Poco a poco fueron habiendo más sonrisas, que se iban volviendo cómplices, y también saludos que nos iban acercando en esas tardes calurosas. Pero, lamentablemente, ninguno nos decidíamos a ir más allá. 

Y a finales del mes de agosto, cuando ya creía que esto no llegaría a ninguna parte y que se quedaría en un sueño, algo sucedió. 
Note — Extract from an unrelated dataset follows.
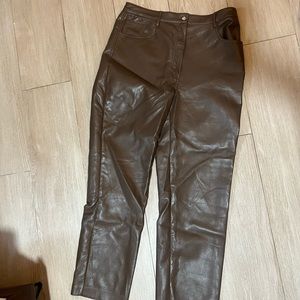 Aritzia vegan leather Melina pant brown size 14 but altered to fit like a 12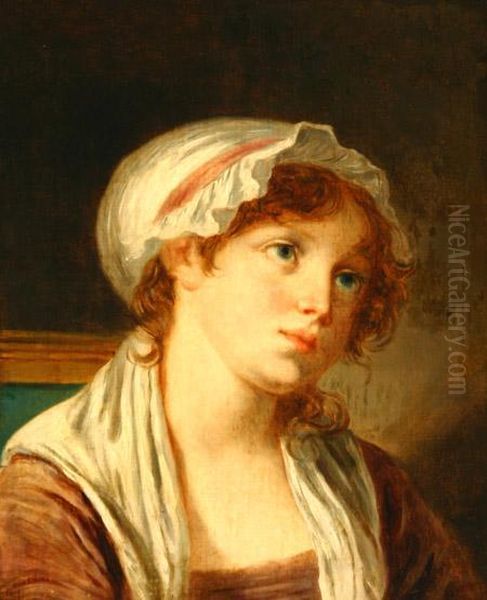 Portrait Of A Woman Wearing A White Cap Oil Painting by Jean Baptiste Greuze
Esa tarde se estaba creando una gran tormenta. Acodados en las barandillas de nuestros balcones, mirábamos el cielo. De repente, a su espalda, vi aparecer de su libro apoyado en la camilla una sombra que en breves instantes se corporeizó en una mujer morena, sonriente, con un majestuoso traje del siglo XIX y que deprisa salió del balcón y se internó en el apartamento. Ella no se dio cuenta, y cuando se lo intentaba decir con gestos grandilocuentes y asombrados, ella abrió los ojos como platos y señaló de manera repetida con su dedo índice lo que estaba ocurriendo a mi espalda. Antes de girarme y poder verlo, noté el paso veloz y silencioso de una persona, y escuché después el portazo de la puerta de la calle. Entendí que me había sucedido lo mismo que a ella... 

Nos asomamos y vimos salir de nuestros portales a aquella mujer esbelta y decimonónica y a un tipo pequeño, mal vestido, sucio, con una botella que sobresalía de un bolsillo y con barba de muchos días, que se encontraron en mitad de la calle y que con mucha ternura se miraron, se cogieron de la mano y comenzaron a caminar por la calle hasta que les dejamos de ver. 

Sorprendidos, no dudamos en darnos la vuelta, bajar deprisa las escaleras y cruzar también cada uno nuestro portal. Nunca olvidaremos nuestras miradas bajo la lluvia que ya caía intensamente en mitad de la calle. Ese primer encuentro en el que nos tomamos de la mano. La literatura nos ayudó, como lo ha hecho muchas ocasiones más a lo largo de nuestra vida. Desde entonces, ya digo, no nos hemos separado.